The long-term impact of these aggregated costs can often be seen more clearly at the state and local levels. For instance, in New York City’s 2019 annual financial report, the city reported losing roughly $3.8 billion of tax revenues to various forms of economic-development abatements. That’s more money than the city budgeted in its November 2019 financial plan to run both the New York Fire Department ($2.1 billion) and the Department of Correction ($1.3 billion).

Many complain that these sorts of subsidy programs are the government “picking winners and losers.” If only that were true. In reality, economic development agencies pick both winners and losers with abandon, shoveling money out the door to all but the most screamingly dubious deals and following what long-time community development researcher Herbert J. Rubin of Northern Illinois University memorably dubbed the “Shoot anything that flies; claim everything that falls” model of economic development.

It’s the investment strategy of a gambler who puts chips down on every number of the roulette wheel and celebrates when they “win” the spin, and outside audits tend to find the kinds of underwater results you’d expect. For instance, a 2020 state audit of Louisiana’s primary subsidy program found that “in the worst-case scenario, the program only generated $0.10 in household income and $0.01 in state tax revenue for every dollar.” The previous year, the state had budgeted $565 million in costs for “Incentive Expenditure Programs” of this kind. That was more than the $439 million budgeted to run Louisiana’s Wildlife & Fisheries, Natural Resources, Environmental Quality, and Agriculture & Fisheries departments, combined.

We got a historic peek behind the scenes at how little due diligence is done in deals with these companies in September when Ocmulgee Superior Courts Chief Judge Brenda Holbert Trammell — exercising her authority under Georgia statute to ensure that as much as $15 billion in public bond debt was being incurred in the public interest — was able to force economic-development officials to detail the work that had gone into a $1.5 dollar subsidy deal with start-up electric vehicle manufacturer Rivian. It was, at the time, the state’s largest economic development deal, and thanks in no small part to local activists who called her attention to flaws in the arrangement, Judge Holbert got agency representatives to admit that they had not retained any investment bankers, economists, or financial analysts to review the agreement.
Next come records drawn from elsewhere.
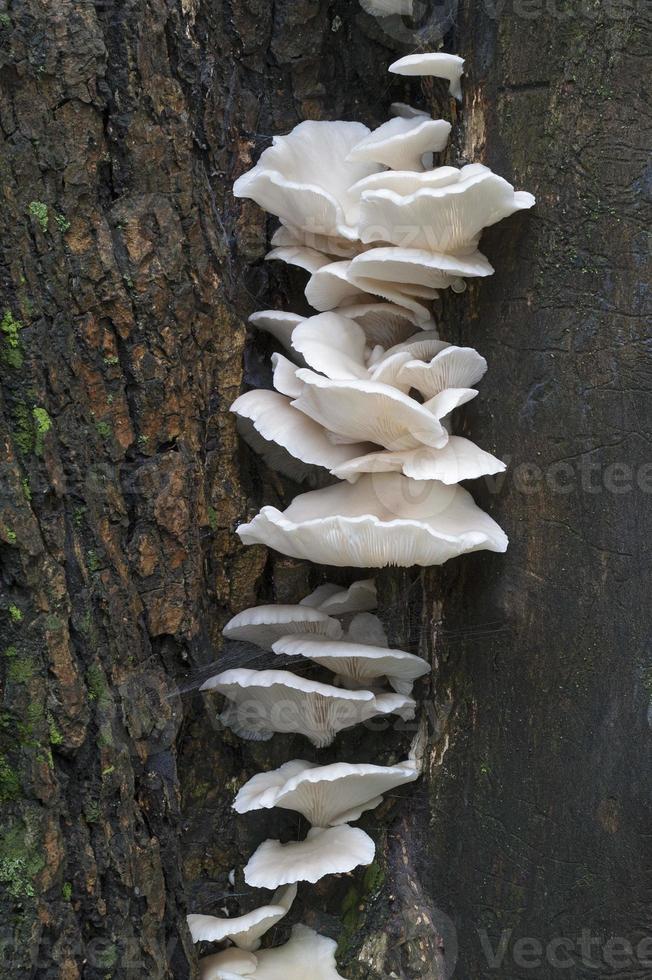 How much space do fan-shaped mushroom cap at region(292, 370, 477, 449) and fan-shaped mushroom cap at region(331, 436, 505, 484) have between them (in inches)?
2.1

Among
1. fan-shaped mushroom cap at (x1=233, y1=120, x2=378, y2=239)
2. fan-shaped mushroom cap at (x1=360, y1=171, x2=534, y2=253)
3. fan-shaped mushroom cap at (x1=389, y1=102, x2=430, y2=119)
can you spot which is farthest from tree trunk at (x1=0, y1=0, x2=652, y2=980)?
fan-shaped mushroom cap at (x1=233, y1=120, x2=378, y2=239)

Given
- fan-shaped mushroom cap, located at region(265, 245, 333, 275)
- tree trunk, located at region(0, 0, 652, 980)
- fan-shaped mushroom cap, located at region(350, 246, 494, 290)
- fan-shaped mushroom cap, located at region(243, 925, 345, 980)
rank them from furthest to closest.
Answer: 1. fan-shaped mushroom cap, located at region(265, 245, 333, 275)
2. fan-shaped mushroom cap, located at region(243, 925, 345, 980)
3. fan-shaped mushroom cap, located at region(350, 246, 494, 290)
4. tree trunk, located at region(0, 0, 652, 980)

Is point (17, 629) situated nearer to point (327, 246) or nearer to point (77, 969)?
point (77, 969)

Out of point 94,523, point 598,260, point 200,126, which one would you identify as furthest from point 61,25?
point 598,260

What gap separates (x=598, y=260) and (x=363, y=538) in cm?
127

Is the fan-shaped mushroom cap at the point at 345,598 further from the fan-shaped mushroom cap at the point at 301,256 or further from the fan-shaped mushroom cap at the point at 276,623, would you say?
the fan-shaped mushroom cap at the point at 301,256

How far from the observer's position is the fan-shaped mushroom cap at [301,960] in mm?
3377

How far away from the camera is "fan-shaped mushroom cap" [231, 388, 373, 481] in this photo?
330 cm

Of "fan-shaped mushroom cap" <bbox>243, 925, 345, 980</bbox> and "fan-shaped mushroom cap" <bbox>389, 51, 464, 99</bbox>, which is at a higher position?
"fan-shaped mushroom cap" <bbox>389, 51, 464, 99</bbox>

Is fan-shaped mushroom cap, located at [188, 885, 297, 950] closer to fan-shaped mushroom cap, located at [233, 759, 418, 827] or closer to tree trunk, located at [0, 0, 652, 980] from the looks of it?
tree trunk, located at [0, 0, 652, 980]

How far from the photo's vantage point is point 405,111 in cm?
362

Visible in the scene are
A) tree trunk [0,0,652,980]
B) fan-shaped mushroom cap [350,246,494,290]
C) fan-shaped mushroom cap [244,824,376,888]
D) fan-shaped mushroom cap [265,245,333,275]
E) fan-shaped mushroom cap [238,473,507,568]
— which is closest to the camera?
tree trunk [0,0,652,980]

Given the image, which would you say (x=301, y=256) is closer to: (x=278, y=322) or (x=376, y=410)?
(x=278, y=322)

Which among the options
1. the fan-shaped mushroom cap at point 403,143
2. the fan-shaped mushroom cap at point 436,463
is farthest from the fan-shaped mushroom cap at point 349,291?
the fan-shaped mushroom cap at point 436,463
In an utter abdication of their nominal role as government employees tasked with protecting taxpayers’ interests, they hadn’t even pulled up Rivian’s public filings with the Securities and Exchange Commission to form an educated opinion on whether the company’s notable cash burn would allow it to survive long enough to start building trucks in Georgia.

The economic-development authority “has put the issue of the Project’s economic feasibility squarely before the Court and therefore it bears the burden of proving the same — a burden which it has not carried,” Judge Holbert ruled, adding that they also failed “to put forward sufficient evidence that the Project would promote the ‘general welfare within the territory of the Authority.’”

It would be nice to say that this ruling delivered a wake-up call for Georgia’s elected officials and made them rethink the wisdom of making massive speculative bets on, say, electric-vehicle factories. But in the world of economic-development policy, politics trumps proof. That’s why, less than a month after Judge Holbert’s ruling, Georgia’s politicians gathered for a different groundbreaking ceremony for a subsidized electrical-vehicle plant, this one for Hyundai in Savannah, Ga. Both Republican governor Brian Kemp and Democratic U.S. senator Raphael Warnock demonstrated the bipartisan power and political purpose of corporate welfare by taking a break from a hard-fought campaign to be all smiles together at the event, just two weeks before Election Day.

After all, they had the most critical jobs of all to “create or retain” that day: their own.

John C. Mozena is the president of the Center for Economic Accountability.